Instructions to follow -
An exact reproduction of the data below is the required answer.

The input -
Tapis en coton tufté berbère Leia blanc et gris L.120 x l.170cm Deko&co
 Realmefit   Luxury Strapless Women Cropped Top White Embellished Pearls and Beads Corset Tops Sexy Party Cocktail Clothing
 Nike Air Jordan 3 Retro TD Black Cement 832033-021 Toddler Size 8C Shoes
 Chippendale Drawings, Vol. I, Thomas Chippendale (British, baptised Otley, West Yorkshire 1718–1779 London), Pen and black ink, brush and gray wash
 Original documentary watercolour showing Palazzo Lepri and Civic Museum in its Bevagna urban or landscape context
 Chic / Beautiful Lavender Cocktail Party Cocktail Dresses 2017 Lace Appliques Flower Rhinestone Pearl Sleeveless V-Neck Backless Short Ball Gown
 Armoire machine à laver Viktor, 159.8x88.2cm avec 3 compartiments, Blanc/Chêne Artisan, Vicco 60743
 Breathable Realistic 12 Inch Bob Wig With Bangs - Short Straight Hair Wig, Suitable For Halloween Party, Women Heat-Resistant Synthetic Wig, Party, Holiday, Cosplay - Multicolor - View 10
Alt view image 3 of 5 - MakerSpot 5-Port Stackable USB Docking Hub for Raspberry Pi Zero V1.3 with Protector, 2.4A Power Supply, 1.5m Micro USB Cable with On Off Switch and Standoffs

Response to this exercise -
Tapis en coton tufté berbère Leia blanc et gris L.120 x l.170cm Deko&co
 Realmefit   Luxury Strapless Women Cropped Top White Embellished Pearls and Beads Corset Tops Sexy Party Cocktail Clothing
 Nike Air Jordan 3 Retro TD Black Cement 832033-021 Toddler Size 8C Shoes
 Chippendale Drawings, Vol. I, Thomas Chippendale (British, baptised Otley, West Yorkshire 1718–1779 London), Pen and black ink, brush and gray wash
 Original documentary watercolour showing Palazzo Lepri and Civic Museum in its Bevagna urban or landscape context
 Chic / Beautiful Lavender Cocktail Party Cocktail Dresses 2017 Lace Appliques Flower Rhinestone Pearl Sleeveless V-Neck Backless Short Ball Gown
 Armoire machine à laver Viktor, 159.8x88.2cm avec 3 compartiments, Blanc/Chêne Artisan, Vicco 60743
 Breathable Realistic 12 Inch Bob Wig With Bangs - Short Straight Hair Wig, Suitable For Halloween Party, Women Heat-Resistant Synthetic Wig, Party, Holiday, Cosplay - Multicolor - View 10
Alt view image 3 of 5 - MakerSpot 5-Port Stackable USB Docking Hub for Raspberry Pi Zero V1.3 with Protector, 2.4A Power Supply, 1.5m Micro USB Cable with On Off Switch and Standoffs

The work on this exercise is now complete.